D’autant qu’un effort de développement et de construction d’une solution similaire au Dutch Boy du film pourrait bien provoquer des dommages collatéraux et avoir, dans la réalité, un effet contraceptif dans les domaines de la recherche. Le Dutch Boy pourrait bien anéantir la naissance d’autres ambitions. Il pourrait bien tuer l’exploration spatiale. En effet, dans le film Geostorm, rien ne semble exister au-delà de l’orbite terrestre. Les navettes spatiales ont la taille de gros avions d’affaires et le maillage des satellites de contrôle climatique apparaît comme une frontière qu’il est bien difficile à traverser pour l’humanité. Toute concentrée sur la résolution technologique des enjeux climatiques dont elle est en grande partie à l’origine, l’humanité semble avoir perdu ses rêves d’espace… Pire, les manigances partisanes qui agissent dans le film cherchent désespérément à maintenir des équilibres géostratégiques d’un autre temps : le nôtre ! 

En définitive, le film Geostorm pose une question éthique : celle de la place de l’humanité dans le vaisseau spatial Terre, celle du rôle de cette même humanité dans l’agencement subtil qu’est l’écosystème planétaire. Ainsi, l’humanité peut-elle continuer à se comporter en enfant gâté qui agit sans tenir compte du milieu qui lui a donné naissance, sans tenir compte du fait désormais établi que cette Terre est un système clos aux ressources limitées ? L’humanité peut-elle s’octroyer le droit à un pouvoir technologique quasiment surhumain qui l’affranchirait des lois de la nature ? Cet enthousiasme lui faisant d’oublier ne serait-ce que la complexité un système qu’est un climat planétaire… cet orgueil pouvant déclencher des conséquences pires que les causes qui ont été à l’origine de son action ? Ou bien l’humanité doit-elle s’imposer une frugalité nécessaire pour permettre à toutes les formes de vie de s’épanouir à la surface de la planète, quitte à réduire drastiquement son propre niveau de vie ? Y a-t-il une réponse modérée à ces questions ?

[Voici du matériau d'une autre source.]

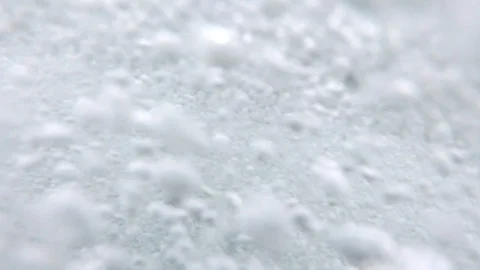 Close up water bubbles Stock Footage 127675840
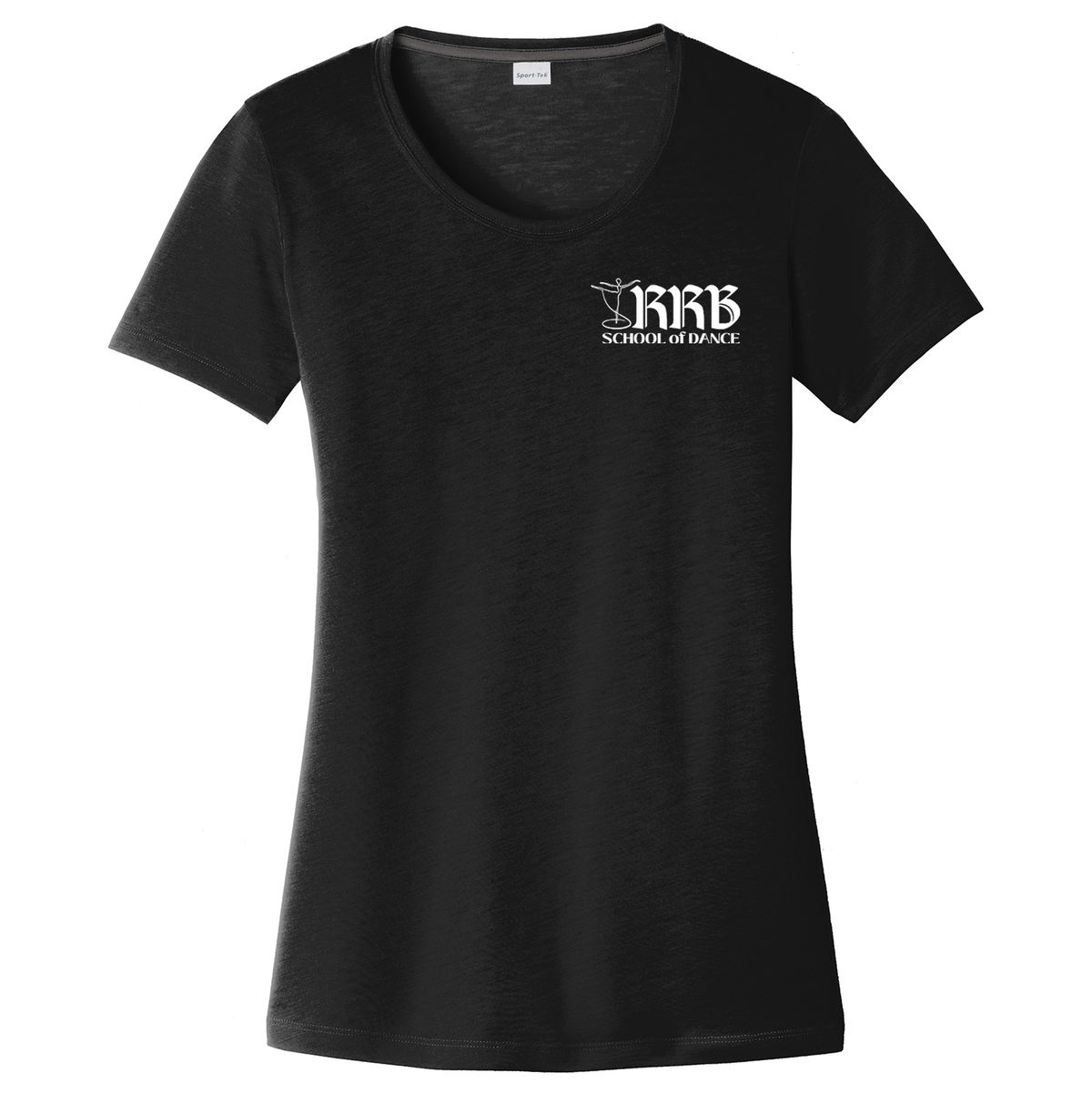 River Region Ballet School Women's CottonTouch Performance T-Shirt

A la fin du film, la fille du héros lance : “une planète, un peuple, un même avenir…” Est-ce là une nouvelle utopie toute aussi inatteignable que les autres à moins que cette phrase ne recèle les graines d’un programme d’une politique planétaire à construire ? En tout cas, une chose est sûre : si la Terre est bien un système clos aux ressources comptées et limitées, dans l’équation de l’écosystème planétaire, il est une ressource variable et fragile : c’est l’humanité elle-même. Alors que fait-on de cette variable ?

 


 

Toutes ces analyses sont également rassemblées sur www.sciencefictiologie.fr, site dédié à la science-fiction qui  éclaire le présent, grâce à la plume, le crayon, l’objectif et l’œil des auteurs !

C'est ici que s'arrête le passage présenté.